Your output should be the lines below from the one with "อัตราการชนะ สล็อต pg - การสมัครสมาชิก" through the one with "Fini Scary Box 92 g", copied exactly, pictures excluded.

(Records provided)

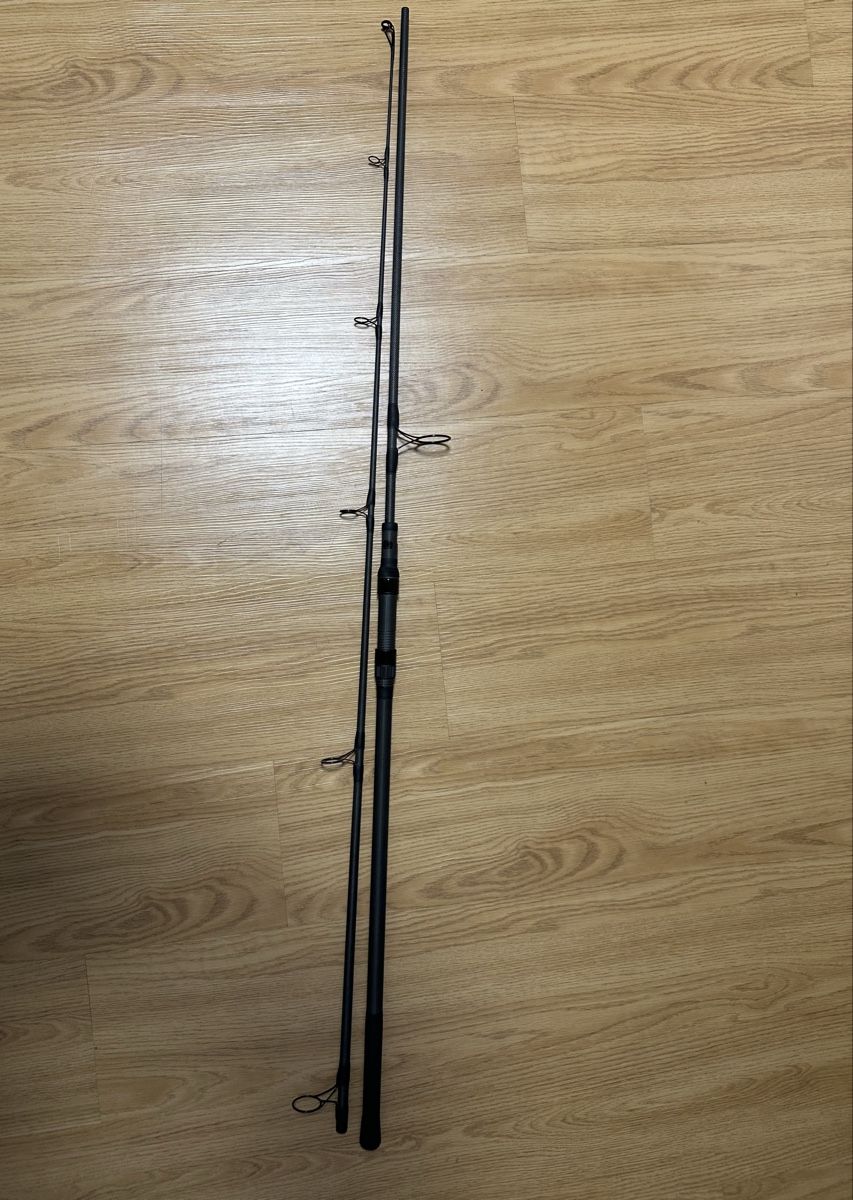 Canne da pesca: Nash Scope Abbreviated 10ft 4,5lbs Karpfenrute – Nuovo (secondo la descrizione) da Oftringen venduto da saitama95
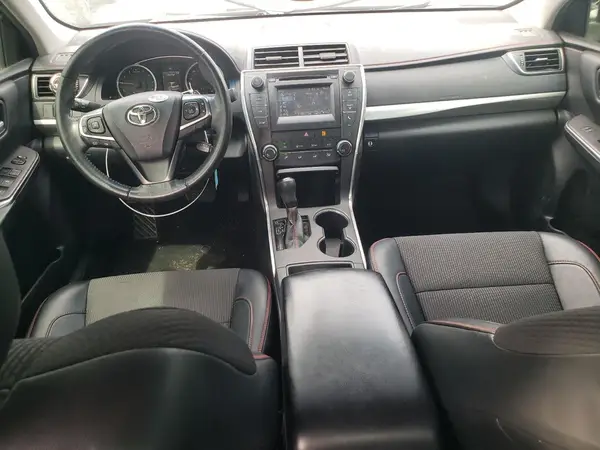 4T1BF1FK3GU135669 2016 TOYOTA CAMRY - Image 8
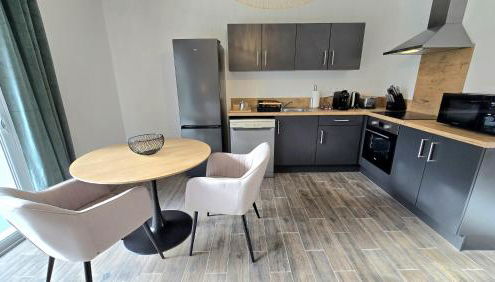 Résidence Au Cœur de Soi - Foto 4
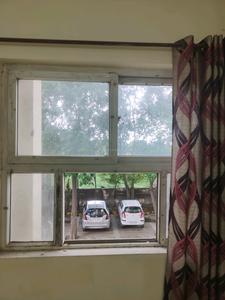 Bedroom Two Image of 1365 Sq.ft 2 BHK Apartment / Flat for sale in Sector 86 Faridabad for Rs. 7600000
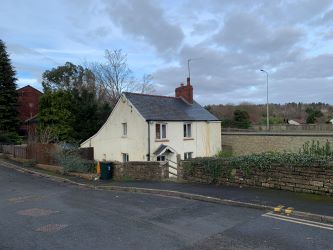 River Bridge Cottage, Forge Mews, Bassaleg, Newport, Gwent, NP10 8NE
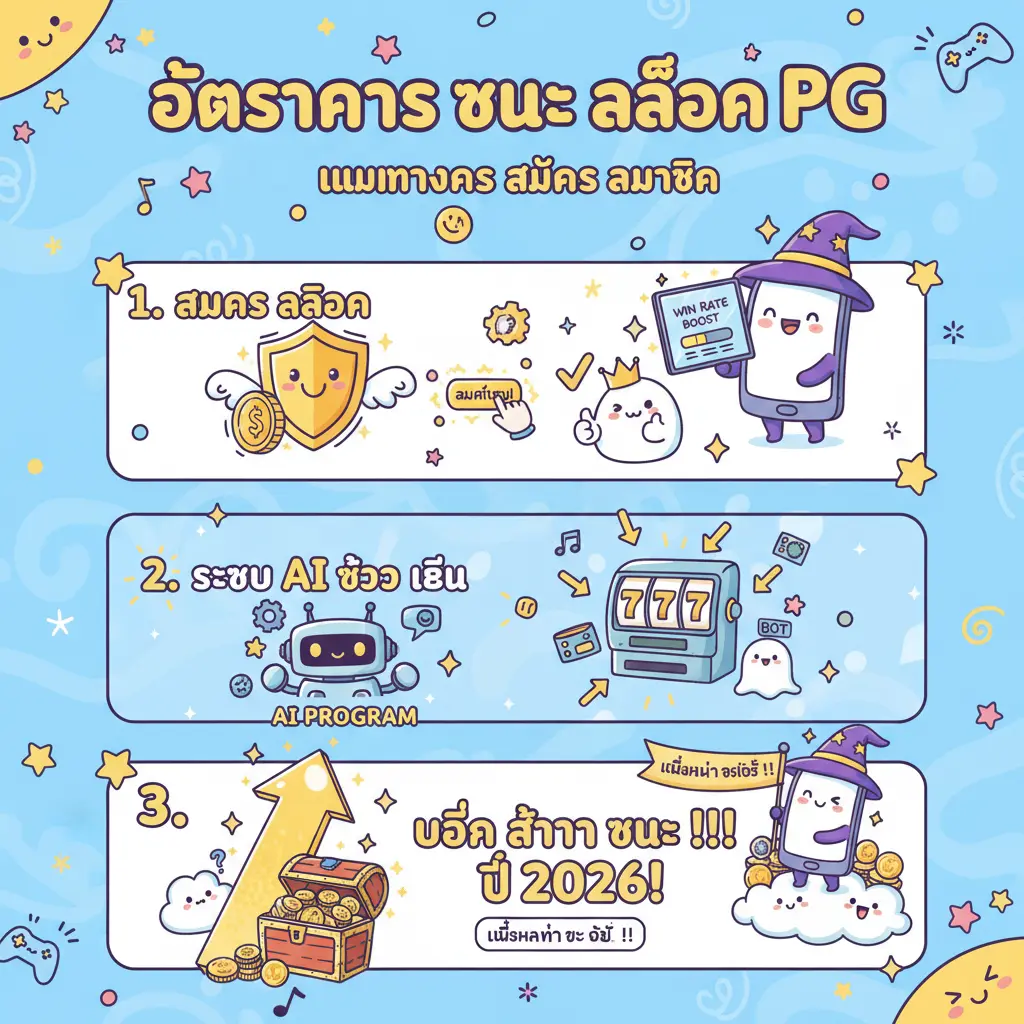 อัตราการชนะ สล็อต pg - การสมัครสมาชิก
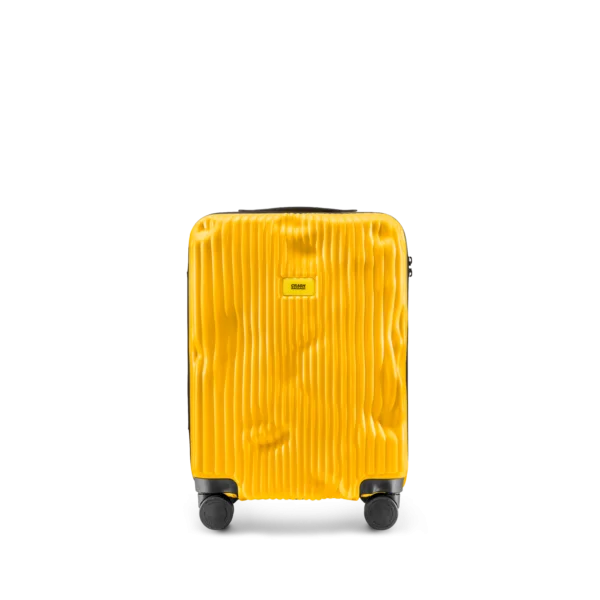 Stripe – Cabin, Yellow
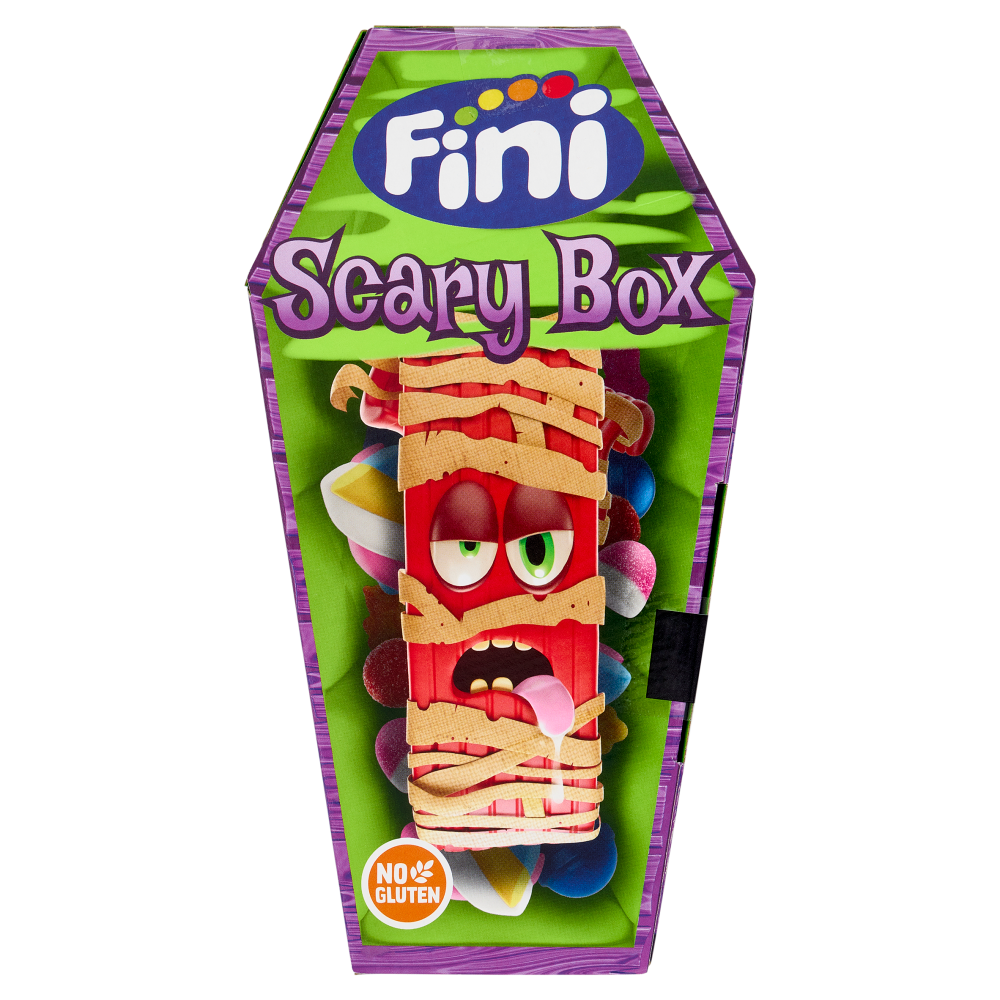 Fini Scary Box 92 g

(End Records provided)
(Records provided)

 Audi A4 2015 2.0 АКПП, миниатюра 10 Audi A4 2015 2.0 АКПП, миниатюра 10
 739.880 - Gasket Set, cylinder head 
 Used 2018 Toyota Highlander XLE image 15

(End Records provided)
(Records provided)

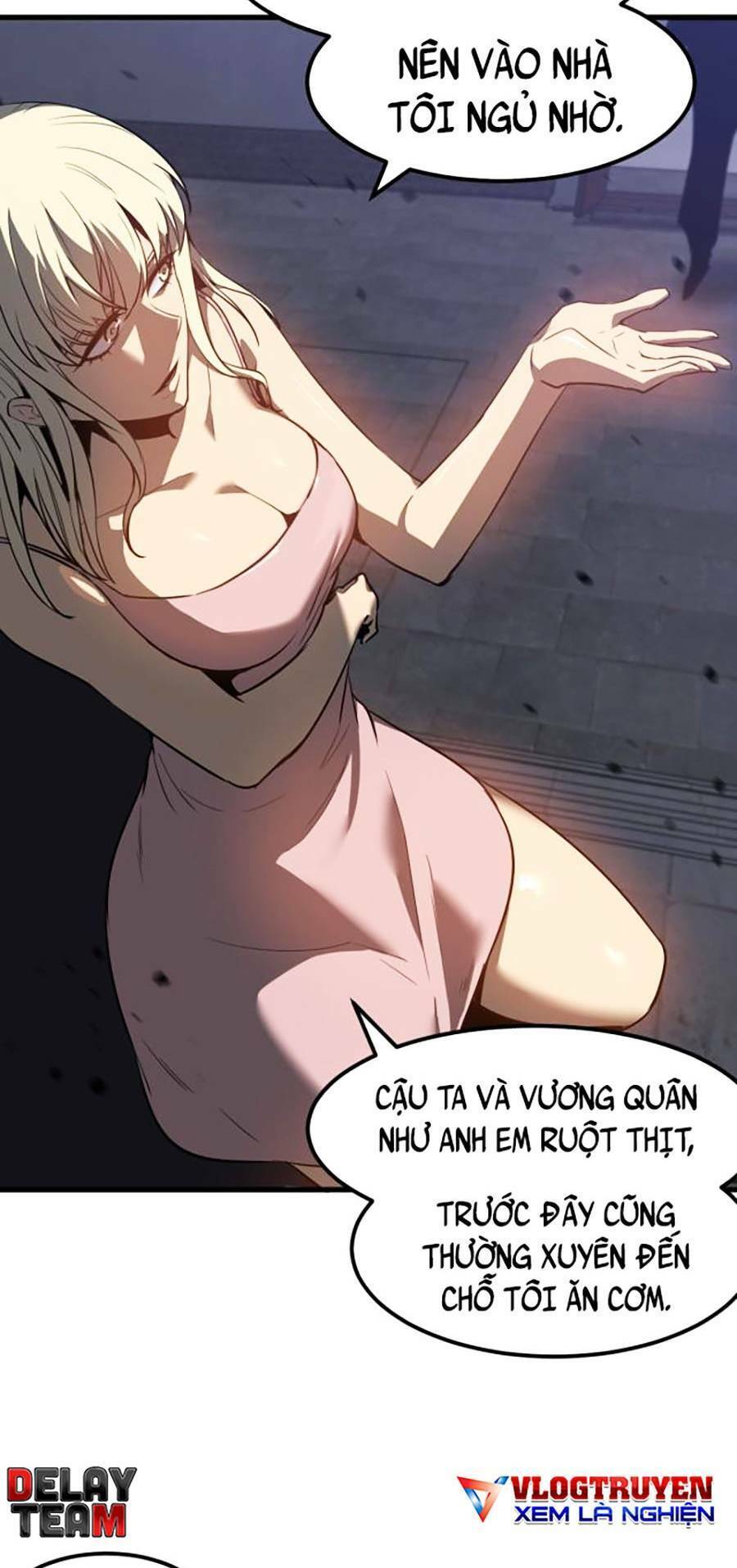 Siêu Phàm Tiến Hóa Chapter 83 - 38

(End Records provided)

Solution for this exercise »
 อัตราการชนะ สล็อต pg - การสมัครสมาชิก
 Stripe – Cabin, Yellow
 Fini Scary Box 92 g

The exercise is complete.